* _DIRECTIONS_
Nothing but the pictures may be dropped; the rest of the listing is to be written out exactly.

* _DATA PROVIDED_

┄┄┄┄┄┄┄┄┄┄┄┄┄┄┄┄┄┄┄┄

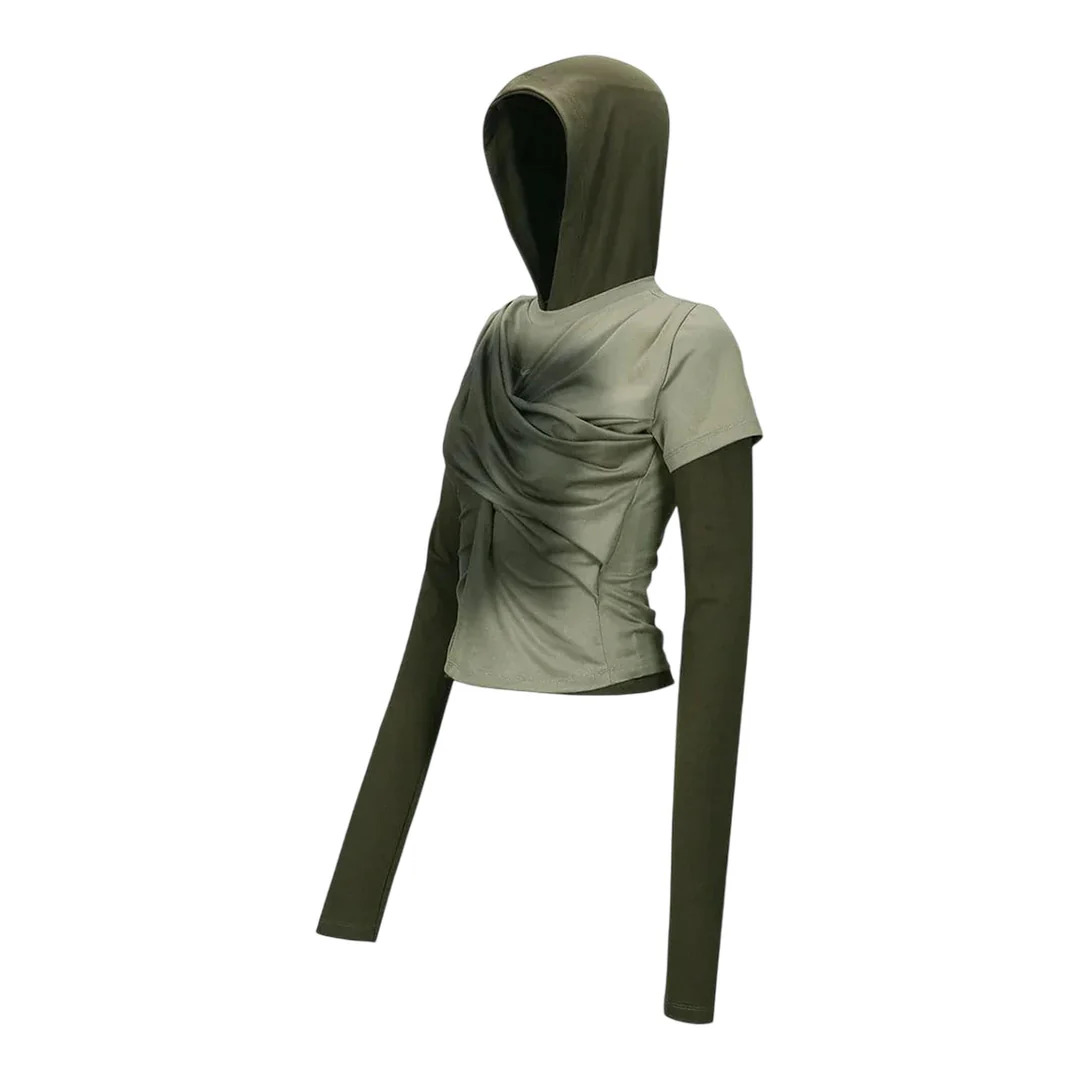 Gathered Hoodie Jersey Top - 2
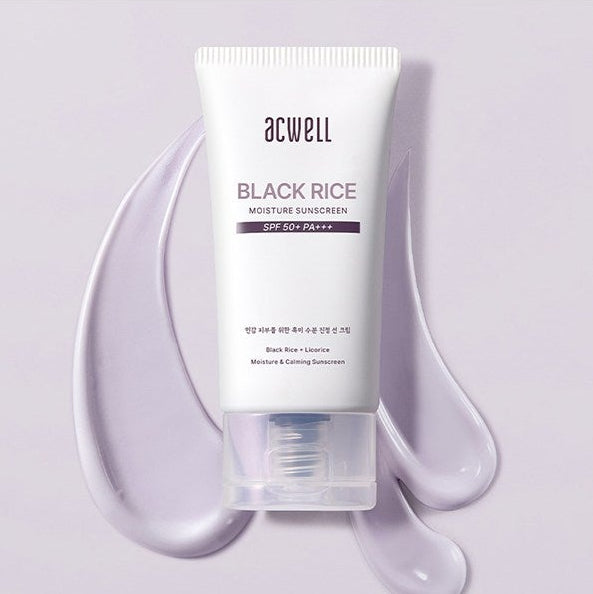 ACWELL Black Rice Moisture Sunscreen SPF50+ PA+++, 50ml, tube de crème solaire noir de la marque sur fond clair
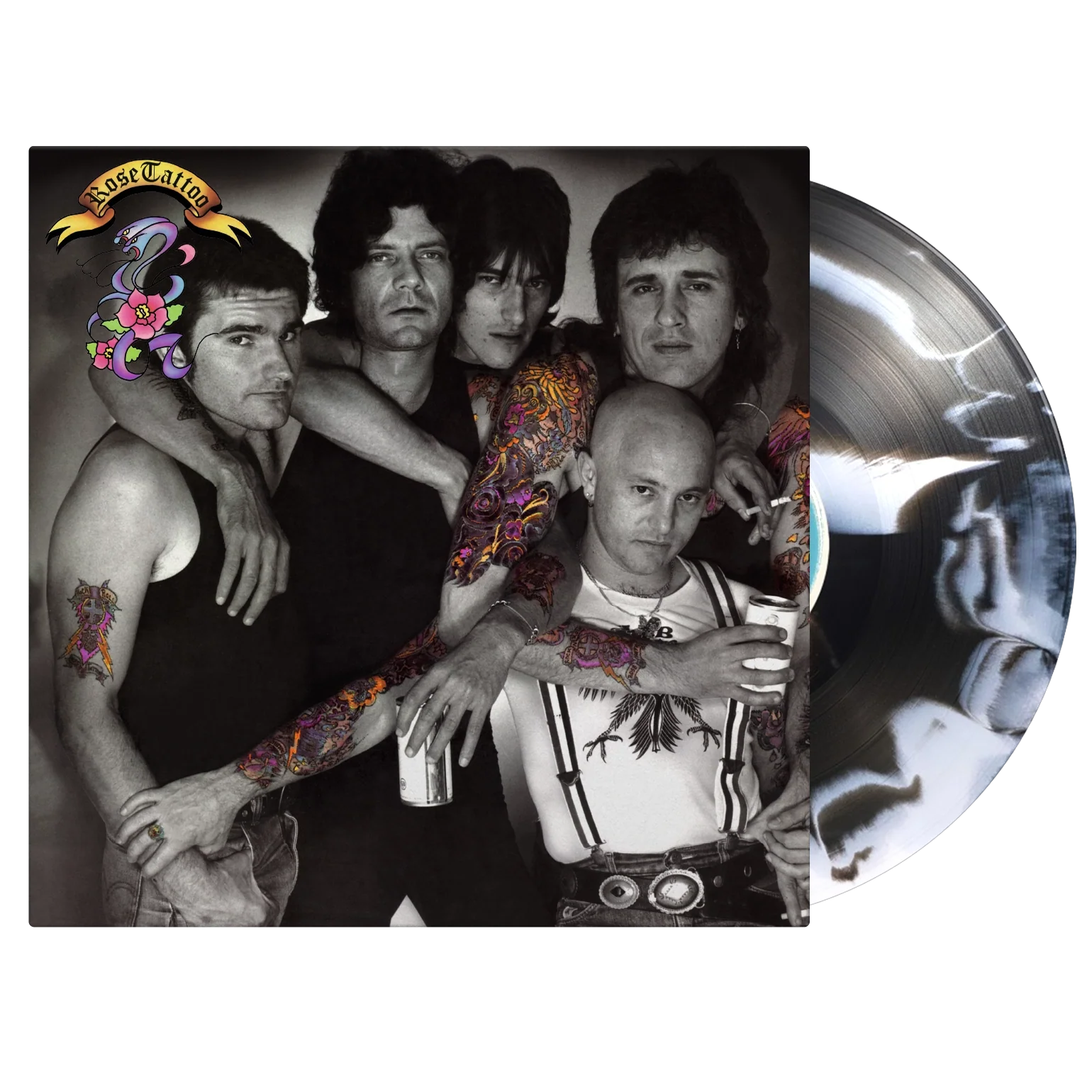 ROSE TATTOO - ASSAULT & BATTERY : WHITE & BLACK SWIRL - LP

┄┄┄┄┄┄┄┄┄┄┄┄┄┄┄┄┄┄┄┄

* _RESPONSE TO THE EXERCISE_
 Gathered Hoodie Jersey Top - 2
 ACWELL Black Rice Moisture Sunscreen SPF50+ PA+++, 50ml, tube de crème solaire noir de la marque sur fond clair
 ROSE TATTOO - ASSAULT & BATTERY : WHITE & BLACK SWIRL - LP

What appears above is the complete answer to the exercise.